> **AIM OF THE TASK**
All that should come back is the lines of the data below from the one containing "Zdjęcie satelitarne GLS - Punkt odbioru" to the one containing "ワンエルディーケーセレクト(1LDK SELECT)のXL 新品", inclusive, exactly as they stand.

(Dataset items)
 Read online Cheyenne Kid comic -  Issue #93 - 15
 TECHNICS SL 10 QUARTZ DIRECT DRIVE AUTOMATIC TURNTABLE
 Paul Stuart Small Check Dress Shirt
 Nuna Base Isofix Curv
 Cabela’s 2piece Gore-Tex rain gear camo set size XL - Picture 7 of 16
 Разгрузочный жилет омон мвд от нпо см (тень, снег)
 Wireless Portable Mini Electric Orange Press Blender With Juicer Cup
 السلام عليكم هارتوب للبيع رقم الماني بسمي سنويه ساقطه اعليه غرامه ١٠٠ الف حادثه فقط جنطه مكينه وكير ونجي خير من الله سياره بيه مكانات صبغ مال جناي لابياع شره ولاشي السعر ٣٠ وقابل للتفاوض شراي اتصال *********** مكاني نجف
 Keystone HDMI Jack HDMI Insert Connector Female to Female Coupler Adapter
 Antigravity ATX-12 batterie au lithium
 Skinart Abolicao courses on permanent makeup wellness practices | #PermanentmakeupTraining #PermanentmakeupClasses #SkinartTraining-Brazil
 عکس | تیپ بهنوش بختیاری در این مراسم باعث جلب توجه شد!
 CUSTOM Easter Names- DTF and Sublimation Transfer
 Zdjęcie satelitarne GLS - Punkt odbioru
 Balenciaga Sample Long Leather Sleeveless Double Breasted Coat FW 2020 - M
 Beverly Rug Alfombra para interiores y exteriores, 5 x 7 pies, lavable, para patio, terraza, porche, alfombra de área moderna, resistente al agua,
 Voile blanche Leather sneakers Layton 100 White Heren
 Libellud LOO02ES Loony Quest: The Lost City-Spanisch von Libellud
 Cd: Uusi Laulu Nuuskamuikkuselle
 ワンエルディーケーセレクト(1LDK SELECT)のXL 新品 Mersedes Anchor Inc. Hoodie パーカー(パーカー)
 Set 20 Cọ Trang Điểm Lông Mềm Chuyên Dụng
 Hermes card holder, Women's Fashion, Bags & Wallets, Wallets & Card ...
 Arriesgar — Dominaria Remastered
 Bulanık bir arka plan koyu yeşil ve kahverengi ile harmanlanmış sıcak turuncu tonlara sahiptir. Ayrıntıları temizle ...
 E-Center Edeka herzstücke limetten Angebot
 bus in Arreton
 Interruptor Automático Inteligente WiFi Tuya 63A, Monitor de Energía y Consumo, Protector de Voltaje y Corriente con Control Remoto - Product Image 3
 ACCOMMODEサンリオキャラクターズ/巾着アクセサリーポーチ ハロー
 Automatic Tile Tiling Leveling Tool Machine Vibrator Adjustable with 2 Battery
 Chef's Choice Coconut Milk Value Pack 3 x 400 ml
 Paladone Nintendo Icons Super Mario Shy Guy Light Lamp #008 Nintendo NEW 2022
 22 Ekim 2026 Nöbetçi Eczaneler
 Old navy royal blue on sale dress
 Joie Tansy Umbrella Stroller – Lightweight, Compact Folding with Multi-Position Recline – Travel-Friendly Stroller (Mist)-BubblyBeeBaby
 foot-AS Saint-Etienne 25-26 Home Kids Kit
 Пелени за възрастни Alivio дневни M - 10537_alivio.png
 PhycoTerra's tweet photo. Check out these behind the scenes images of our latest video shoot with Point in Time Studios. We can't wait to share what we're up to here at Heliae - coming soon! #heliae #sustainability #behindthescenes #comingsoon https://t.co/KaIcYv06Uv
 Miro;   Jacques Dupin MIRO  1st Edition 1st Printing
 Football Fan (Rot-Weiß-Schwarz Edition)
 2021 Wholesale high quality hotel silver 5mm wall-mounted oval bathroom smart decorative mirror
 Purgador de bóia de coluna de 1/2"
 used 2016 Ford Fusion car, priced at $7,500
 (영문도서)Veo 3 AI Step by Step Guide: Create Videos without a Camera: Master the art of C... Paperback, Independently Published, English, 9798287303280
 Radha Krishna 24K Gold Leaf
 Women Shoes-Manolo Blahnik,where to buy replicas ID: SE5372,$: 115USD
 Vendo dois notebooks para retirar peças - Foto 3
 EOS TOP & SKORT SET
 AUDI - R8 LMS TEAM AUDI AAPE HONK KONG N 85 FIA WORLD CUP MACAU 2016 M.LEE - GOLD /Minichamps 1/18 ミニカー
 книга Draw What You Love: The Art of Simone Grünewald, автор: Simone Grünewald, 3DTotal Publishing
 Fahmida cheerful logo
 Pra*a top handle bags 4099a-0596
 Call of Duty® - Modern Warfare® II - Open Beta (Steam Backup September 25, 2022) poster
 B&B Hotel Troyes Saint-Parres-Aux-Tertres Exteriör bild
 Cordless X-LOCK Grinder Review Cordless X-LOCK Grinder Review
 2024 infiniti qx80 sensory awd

> **ANSWER**
 Zdjęcie satelitarne GLS - Punkt odbioru
 Balenciaga Sample Long Leather Sleeveless Double Breasted Coat FW 2020 - M
 Beverly Rug Alfombra para interiores y exteriores, 5 x 7 pies, lavable, para patio, terraza, porche, alfombra de área moderna, resistente al agua,
 Voile blanche Leather sneakers Layton 100 White Heren
 Libellud LOO02ES Loony Quest: The Lost City-Spanisch von Libellud
 Cd: Uusi Laulu Nuuskamuikkuselle
 ワンエルディーケーセレクト(1LDK SELECT)のXL 新品 Mersedes Anchor Inc. Hoodie パーカー(パーカー)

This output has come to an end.